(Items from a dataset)
/---

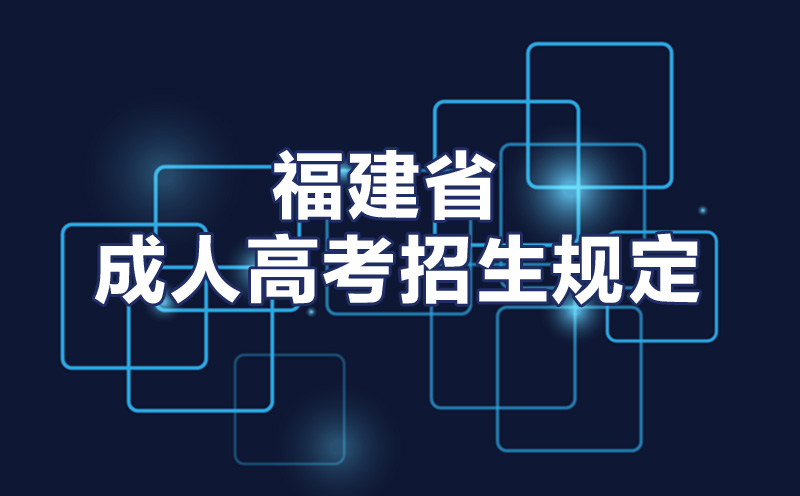 福建省成人高等学校成人高考招生规定
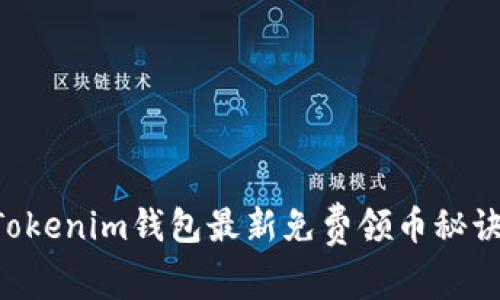 专家揭秘：Tokenim钱包最新免费领币秘诀，抓住机会！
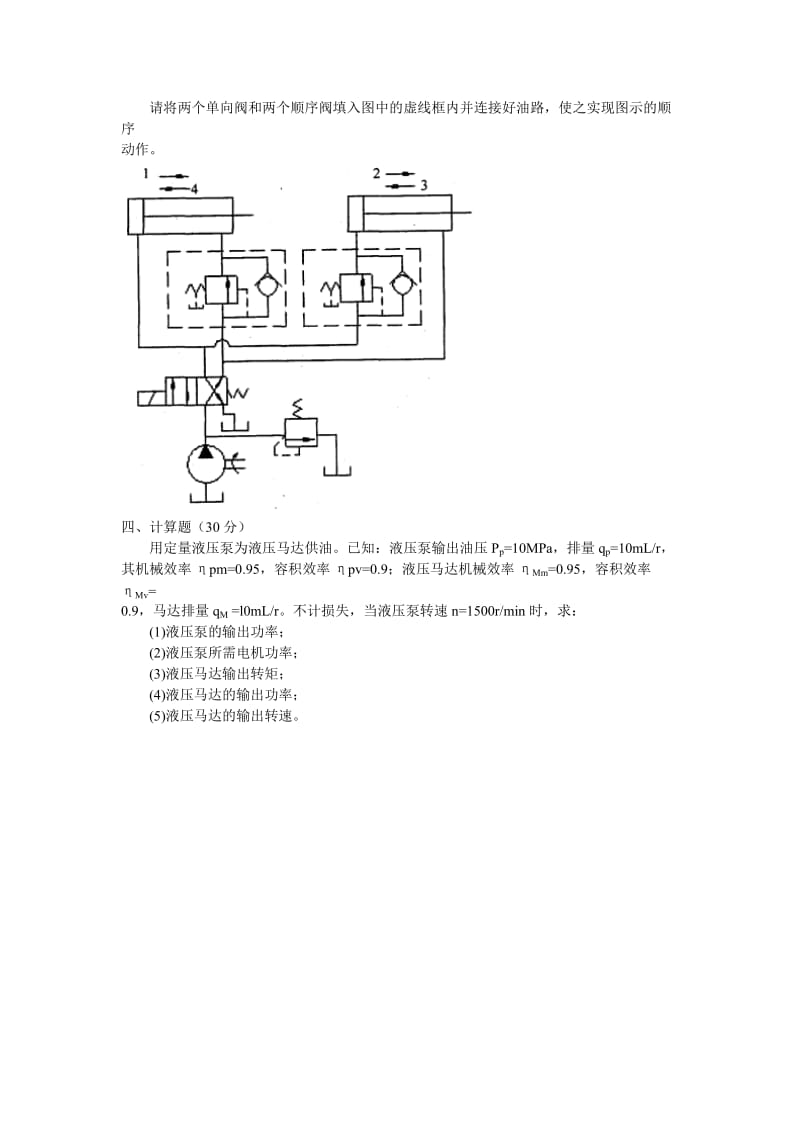 中央电大液压气动技术历题库(2003-)小抄.doc_第2页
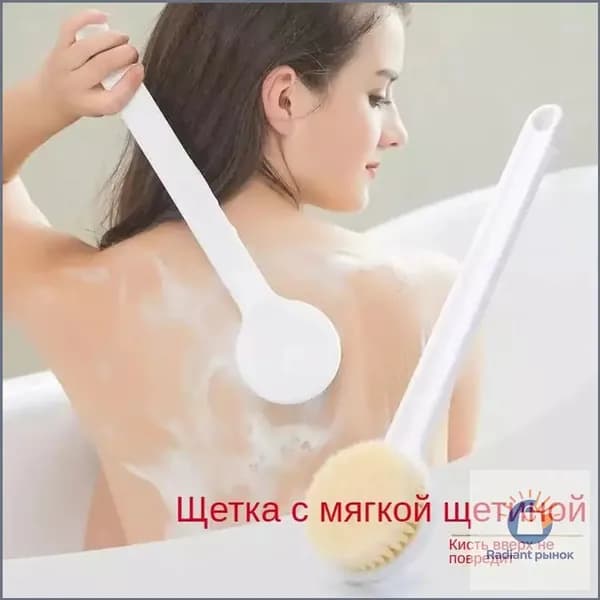 Щетка для сухого массажа синтетическое волокно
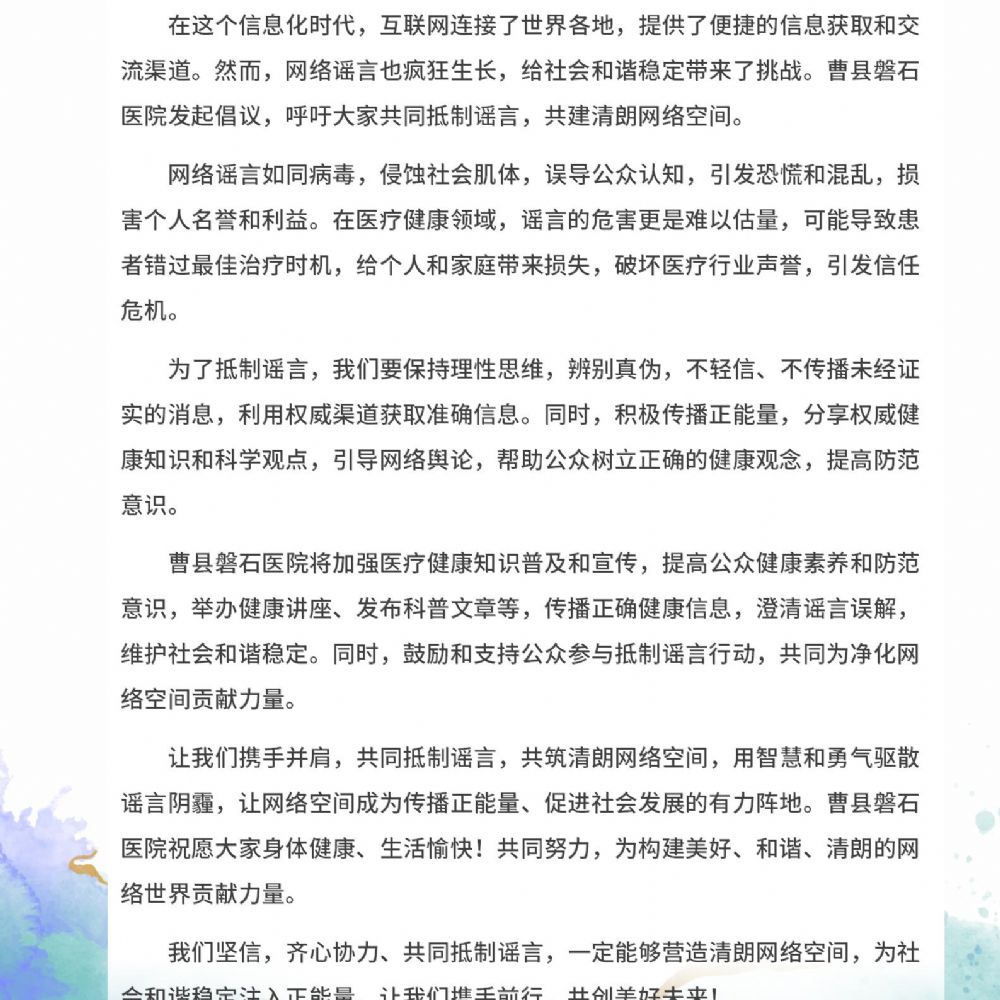 携手前行，共筑清朗网络空间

\---

▶ _TASK BRIEF_
Retype all of the data above word for word, excluding the pictures.

▶ _RESPONSE FOR THIS EXERCISE_
 福建省成人高等学校成人高考招生规定
 专家揭秘：Tokenim钱包最新免费领币秘诀，抓住机会！
 中央电大液压气动技术历题库(2003-)小抄.doc_第2页
 Щетка для сухого массажа синтетическое волокно
 携手前行，共筑清朗网络空间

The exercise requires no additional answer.